* _Work request_: When you give the entries again, keep every word as it stands and drop the pictures.

Crawled caption data:

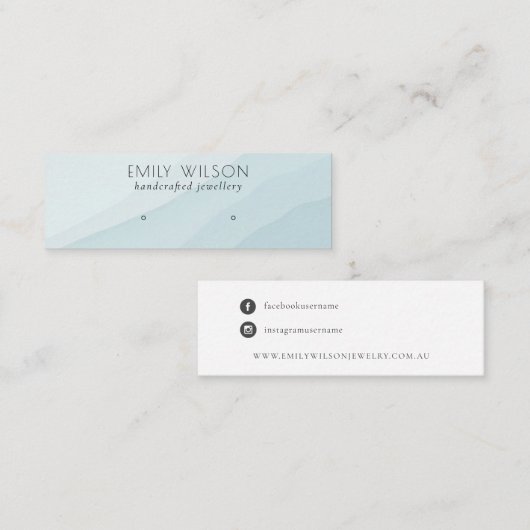 Carte De Visite Mini Écran d'oreille Abstrait Sky Blue Waves (Devant / Derrière)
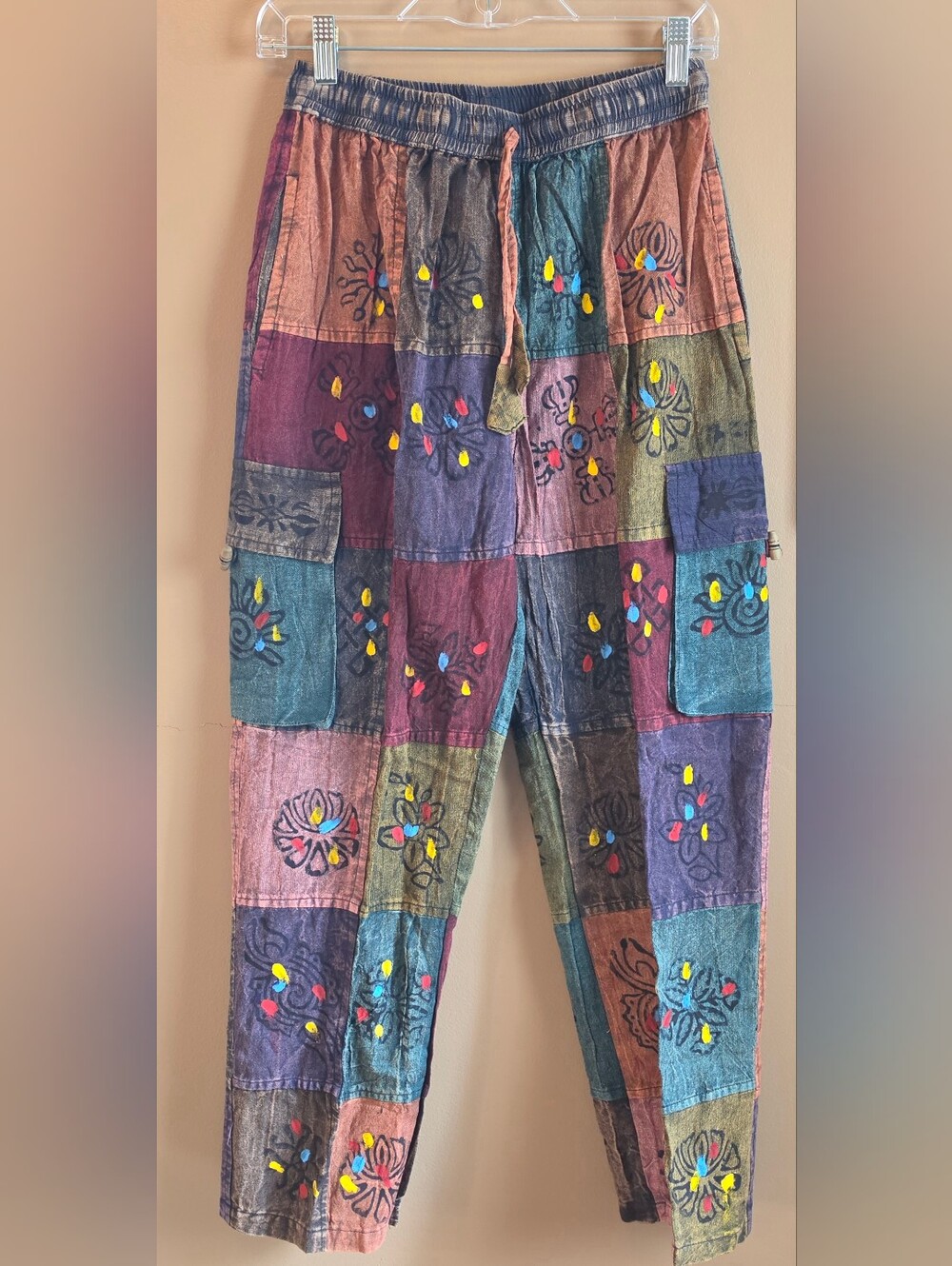 Rhea Costa Patchwork Multicolor Straight-Leg Pants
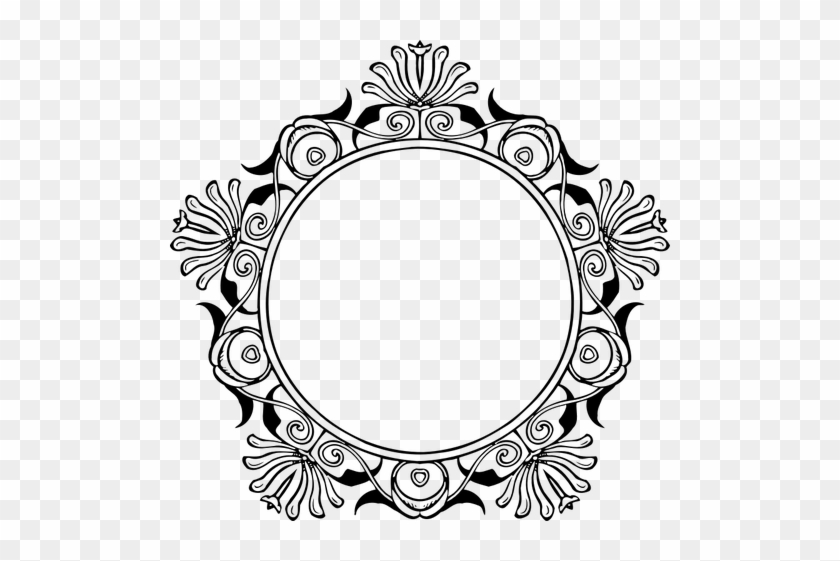 Round Flower Frame Public Domain Vectors Ribbon Border - Circle Border Design Clipart #1596111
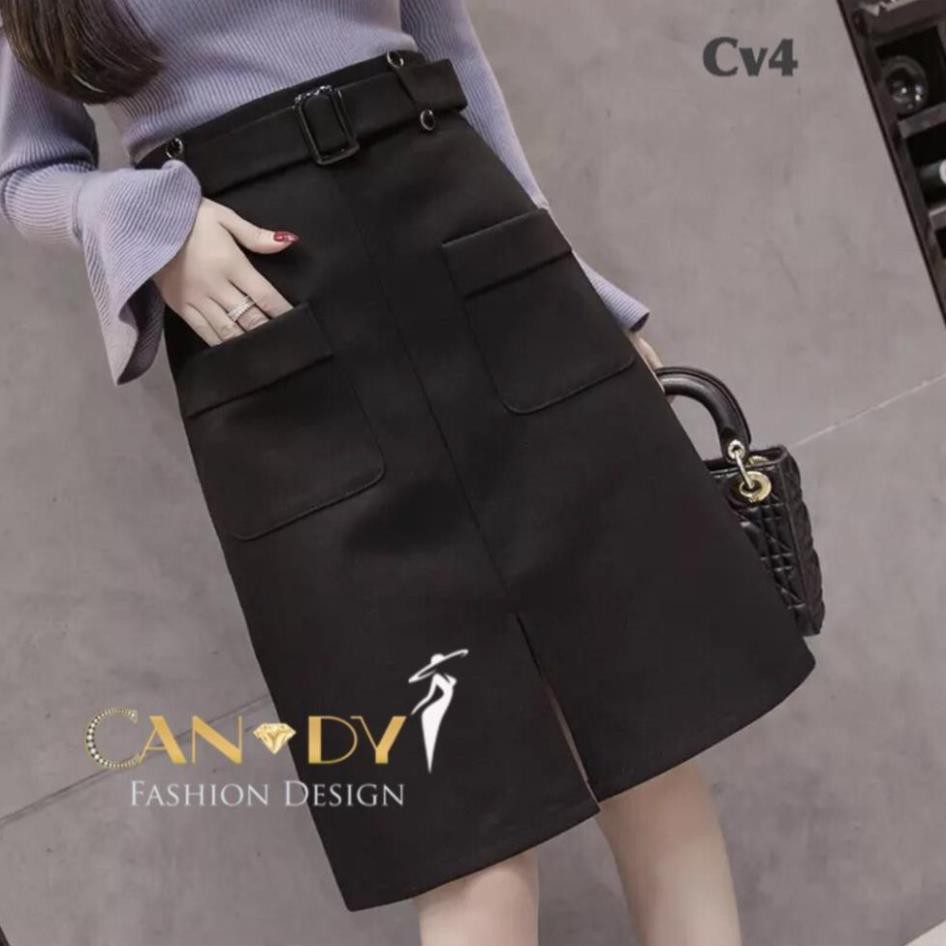 Chân Váy VNXK Cao Cấp CV4 -  Chân Váy  Công Sở Thiết Kế Vải Umi Dạng Bút Chì Hai Túi Hộp Xẻ Giữa - TINI Shop | BigBuy360 - bigbuy360.vn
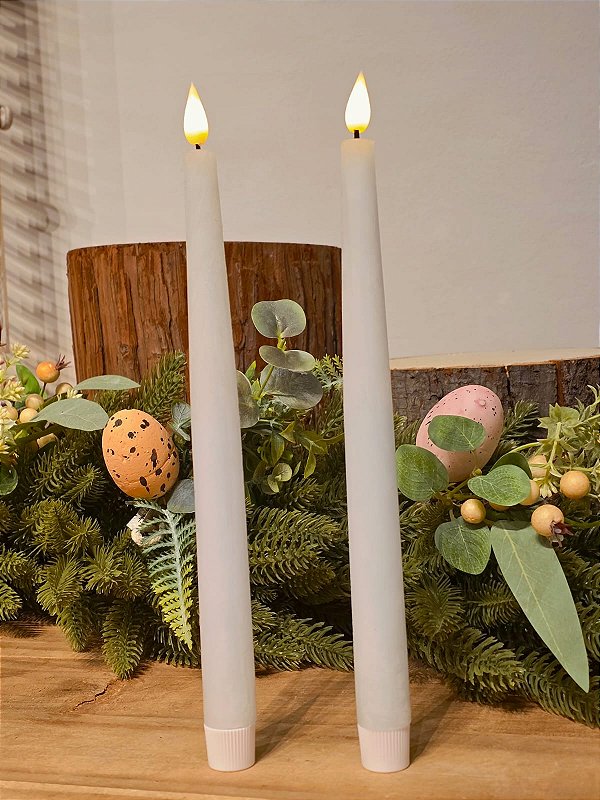 DUPLA DE VELA DECORATIVA BRANCA COM LED 29CM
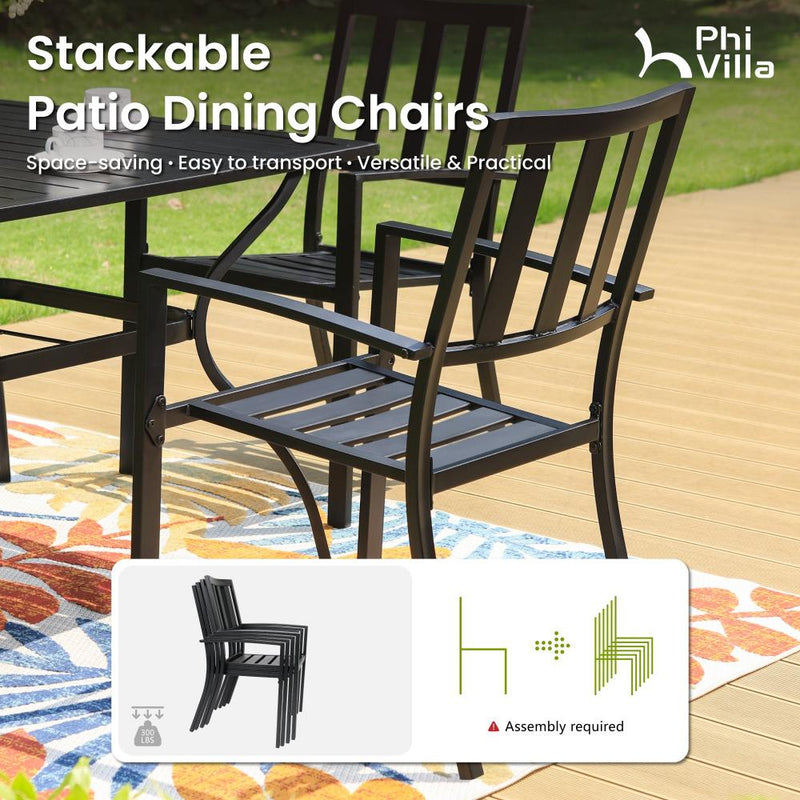 PHI VILLA 7-Piece Outdoor Patio Dining Set 6 Stackable Chairs and Rectangle Table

* _Your solution_:
 Carte De Visite Mini Écran d'oreille Abstrait Sky Blue Waves (Devant / Derrière)
 Rhea Costa Patchwork Multicolor Straight-Leg Pants
 Round Flower Frame Public Domain Vectors Ribbon Border - Circle Border Design Clipart #1596111
 Chân Váy VNXK Cao Cấp CV4 -  Chân Váy  Công Sở Thiết Kế Vải Umi Dạng Bút Chì Hai Túi Hộp Xẻ Giữa - TINI Shop | BigBuy360 - bigbuy360.vn
 DUPLA DE VELA DECORATIVA BRANCA COM LED 29CM
 PHI VILLA 7-Piece Outdoor Patio Dining Set 6 Stackable Chairs and Rectangle Table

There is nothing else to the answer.